WHAT THIS TASK INVOLVES ->
The reply should hold only the lines from the one with "3rd image of 316 Woodcrest Cir" to the one with "De igual forma, la", both ends kept, exactly as they appear below, without any pictures.

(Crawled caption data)

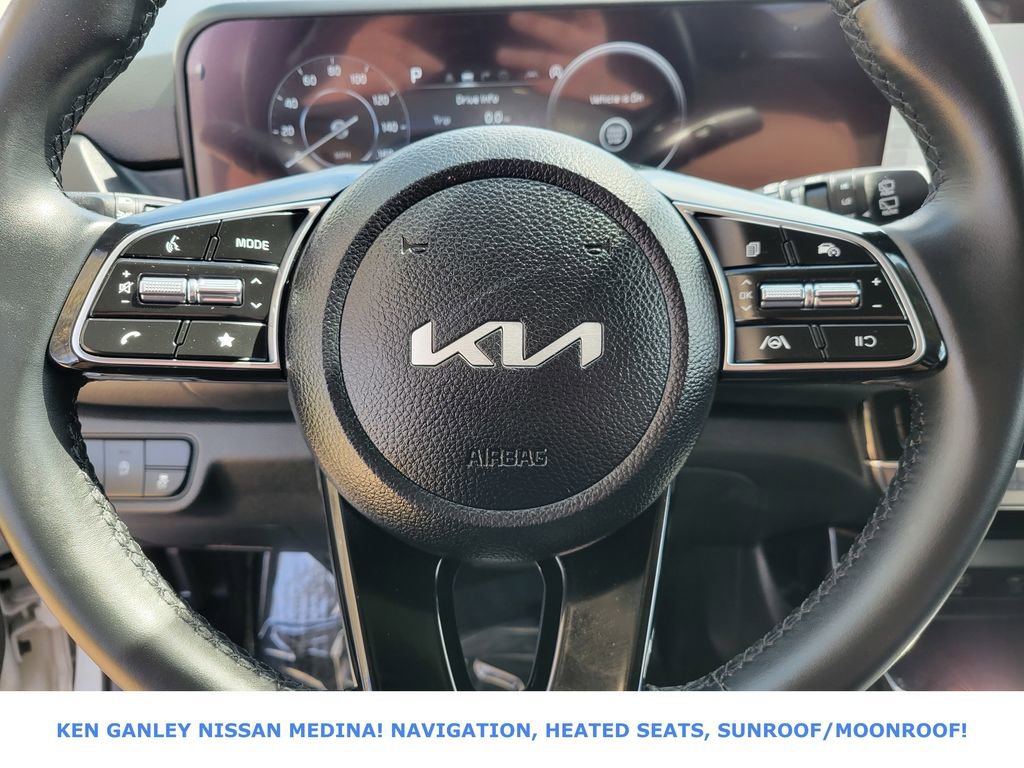 Used 2024 Kia Seltos EX image 29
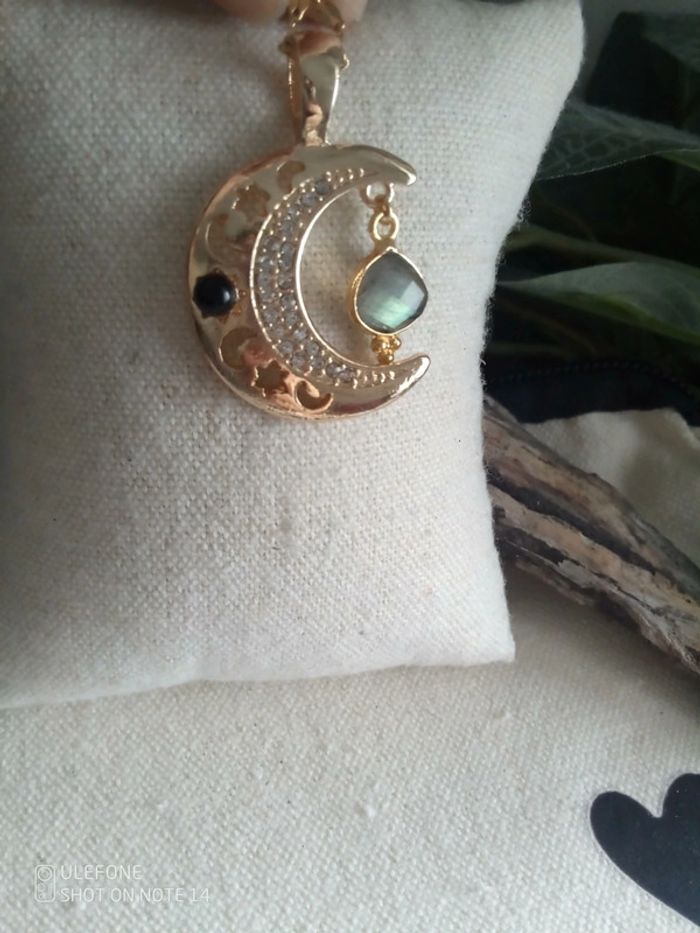 Collier pendentif lune avec pierres de labradorite et obsidienne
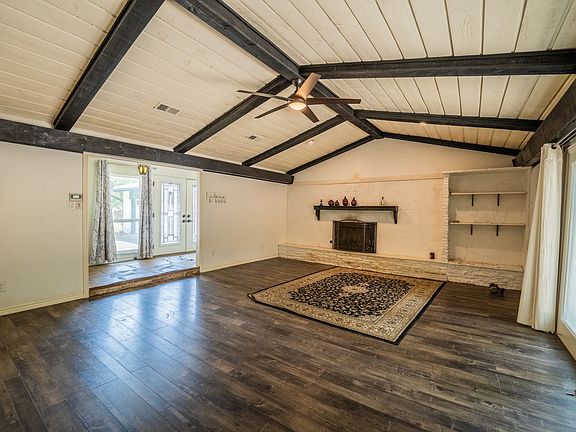 3rd image of 316 Woodcrest Cir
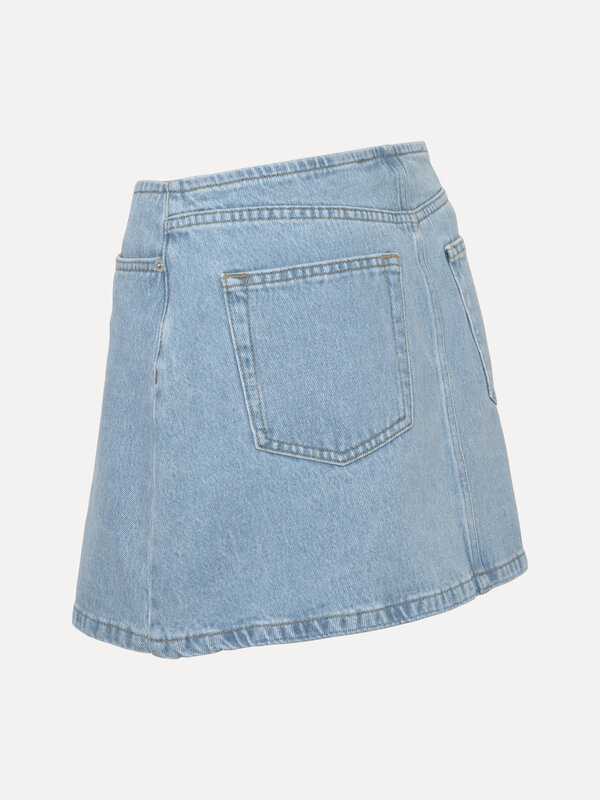 Les Soeurs Denim mini skirt Varun 8. Add a touch of edge to your look with this denim mini skirt without a waistband, wor...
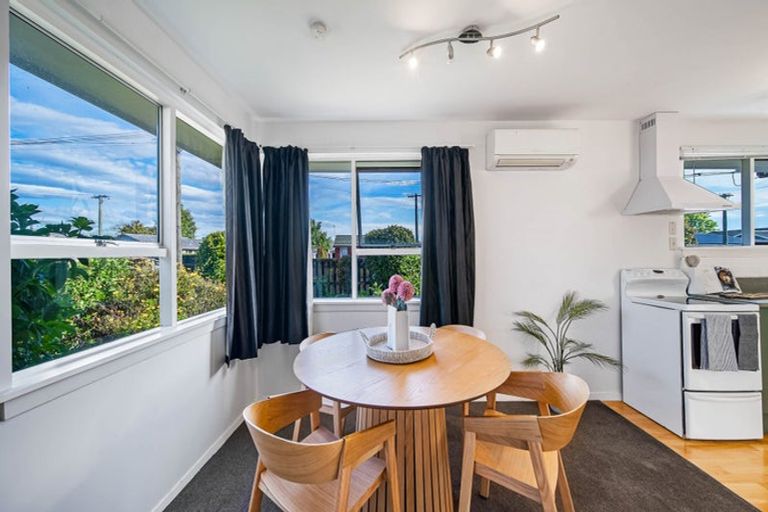 Photo of property in 64 Farquhars Road, Redwood, Christchurch, 8051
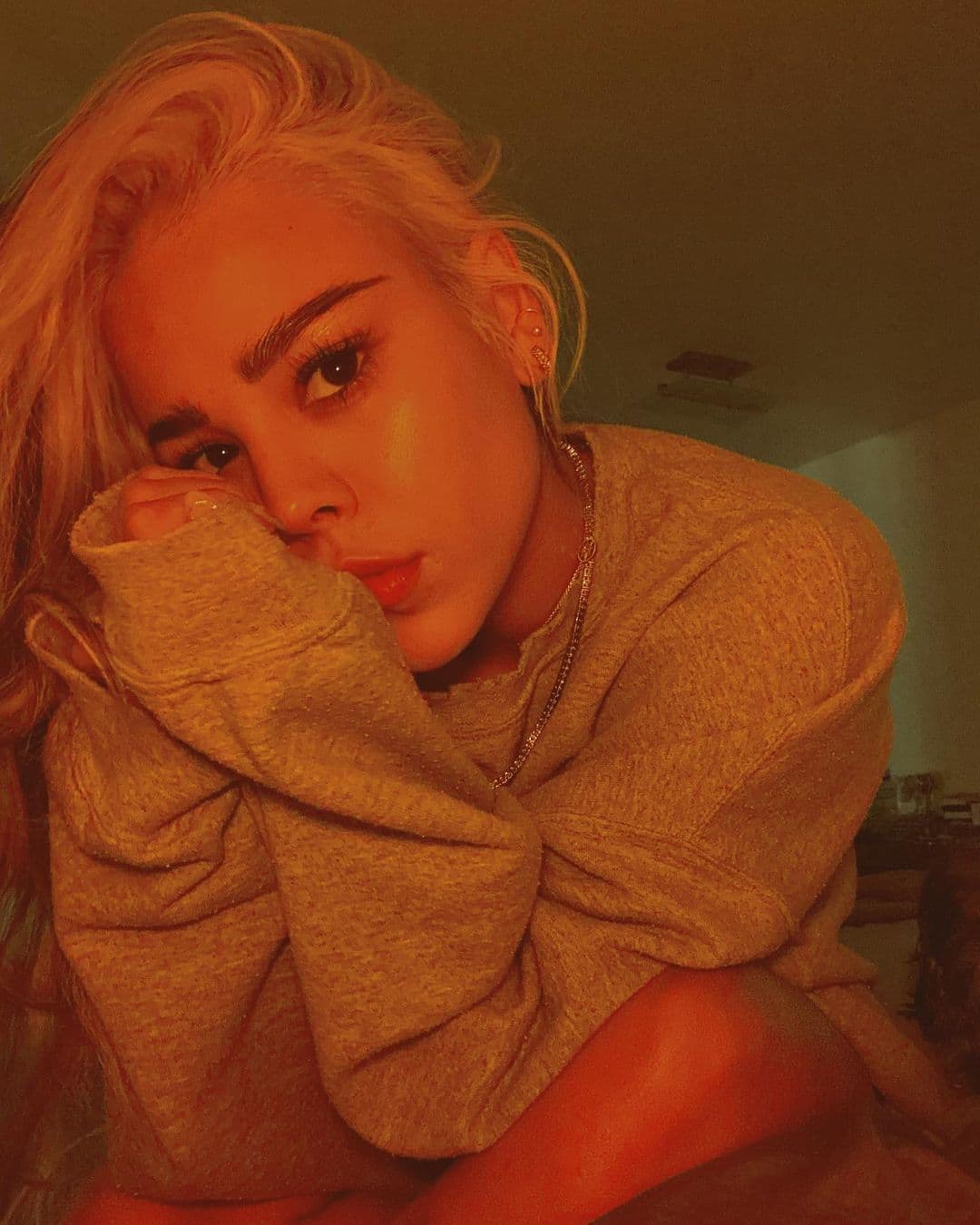 De igual forma, la cantante ofrecerá un concierto en línea durante su estancia en España.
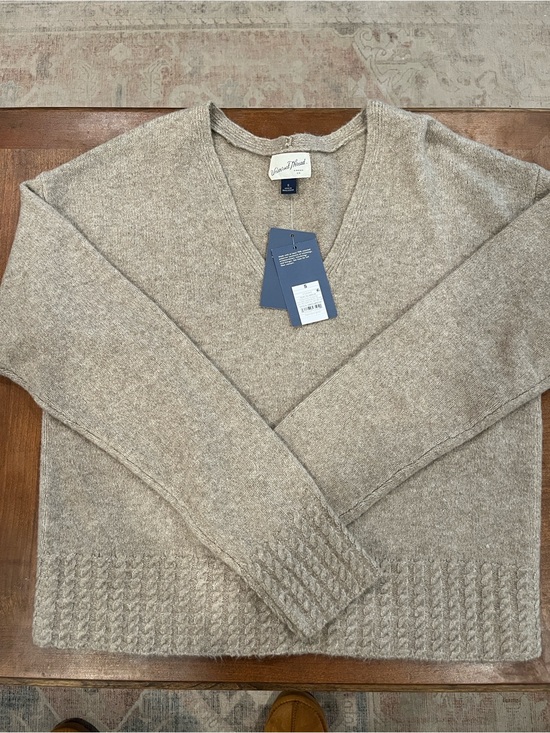 Universal Thread Sweaters - Universal Thread Women's V-Neck Sweater in Taupe Heather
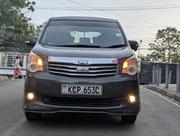 Toyota Noah 2010 Gray for sale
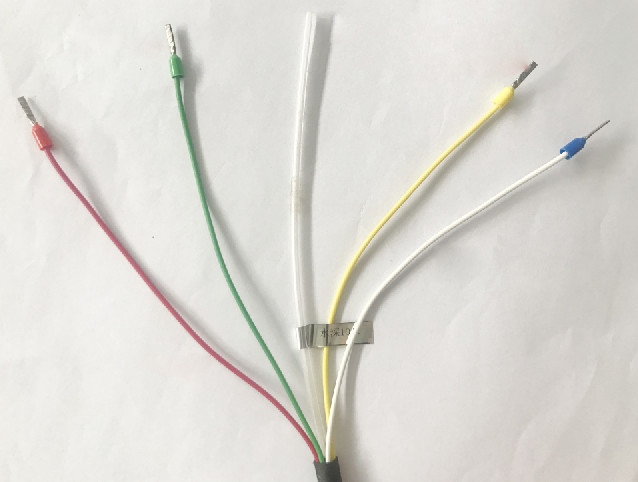 IP65 0-99999.99m3/h Mètre de débit ultrasonique avec matériau POM ABS à coque divisée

FINAL ANSWER ->
 3rd image of 316 Woodcrest Cir
 Les Soeurs Denim mini skirt Varun 8. Add a touch of edge to your look with this denim mini skirt without a waistband, wor...
 Photo of property in 64 Farquhars Road, Redwood, Christchurch, 8051
 De igual forma, la cantante ofrecerá un concierto en línea durante su estancia en España.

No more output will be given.